If you needed glasses you were probably in trouble but then back in those days people didn't live long past the age where most people start needing them.
Probably because of their healthier and less overly processed diets and no screen time.
As to no sights on dueling pistols, it helps to understand the code of honor of the era, which was quite different from what we have today. In some ways it seems odd and even foolish to us, today, but I'm sure someone from the 1780s would feel the same about our attitudes today.
Military muskets are smooth bore, and as such not very accurate. The generally don't have sights or if they do they are very rudimentary compared to rifle sights.
People today generally figure that, well since they were smoothbores there's little point putting sights on them, and that is true, but there is also more to it. British troops in the 1700s were taught to "aim" (meaning point) their muskets at the enemy formation, directed by their officers, then "turn their heads" (look away), and fire.
It was considered "ungentlemanly" to actually look at someone when you shot them. There was a practical effect, turning your head reduces the dazzle from the pan flash, but in the main it was a point of honor. Of course it was probably disobeyed as often as obeyed, but it was the rule...
Commanders aimed units individual soldiers did not aim their arms at individual enemy soldiers. The whole point was not to specifically kill the enemy with gunfire it was to break them. The usual practice was to give the enemy a volley, then another , sometimes 3, and then charge and settle the issue cold steel.
The unit that broke under fire usually lost. The point of honor was to stand there and take fire, and that attitude carried over to duelling.
The point of a duel, unlike what appearances seem to show (and popular fiction always shows) was not to kill the other guy, it was to SHAME them.
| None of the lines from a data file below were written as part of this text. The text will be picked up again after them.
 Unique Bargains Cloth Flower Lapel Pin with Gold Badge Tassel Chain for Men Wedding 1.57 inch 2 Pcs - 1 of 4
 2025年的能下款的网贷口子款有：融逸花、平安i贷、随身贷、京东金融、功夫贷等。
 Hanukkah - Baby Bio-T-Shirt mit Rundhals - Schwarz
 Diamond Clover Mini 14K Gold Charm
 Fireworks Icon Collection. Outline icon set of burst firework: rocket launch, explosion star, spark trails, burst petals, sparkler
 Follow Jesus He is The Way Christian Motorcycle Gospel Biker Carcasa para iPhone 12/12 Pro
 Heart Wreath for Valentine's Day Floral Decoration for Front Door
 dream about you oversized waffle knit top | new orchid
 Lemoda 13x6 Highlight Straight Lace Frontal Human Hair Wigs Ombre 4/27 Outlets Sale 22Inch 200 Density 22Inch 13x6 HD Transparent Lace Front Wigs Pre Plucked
Yes, of course there were many duels where the entire duel was contrived in order to kill someone, but those were not considered honorable, if that truth came out. History doesn't record many duels where no one was killed (there are a few but you'll have to dig for them) probably because they were not "news". But there were duels (possibly many more than you'd think just reading the usual records) where "honor was satisfied" and no one was killed. Both with blades or guns.
The point was to prove your honor, or the rightness of your cause by standing there and taking the risk. If you died as a result of that, you died, but with honor, not a craven. That mattered to people in those days.
SO, not putting sights on a dueling pistol was a way of avoiding actual aiming, which was something only a pure scoundrel would do....of course you were expected to look at your opponent and point your pistol but actual precise aiming was bad form old chap....
However there were it seems, some "workarounds" to tilt the odds in one's favor. As I mentioned earlier in this thread, some years back an actual set of original period dueling pistols was shot and tested for accuracy.
They were well made, and considering smoothbore and no sights, they shot very accurately, putting all their shots in a reasonably small group at the classic 20 paces distance. Interestingly, BOTH pistols in the set consistently shot two feet to the left of point of aim at that distance. Think about the possible results if the owner knew that and his opponent did not....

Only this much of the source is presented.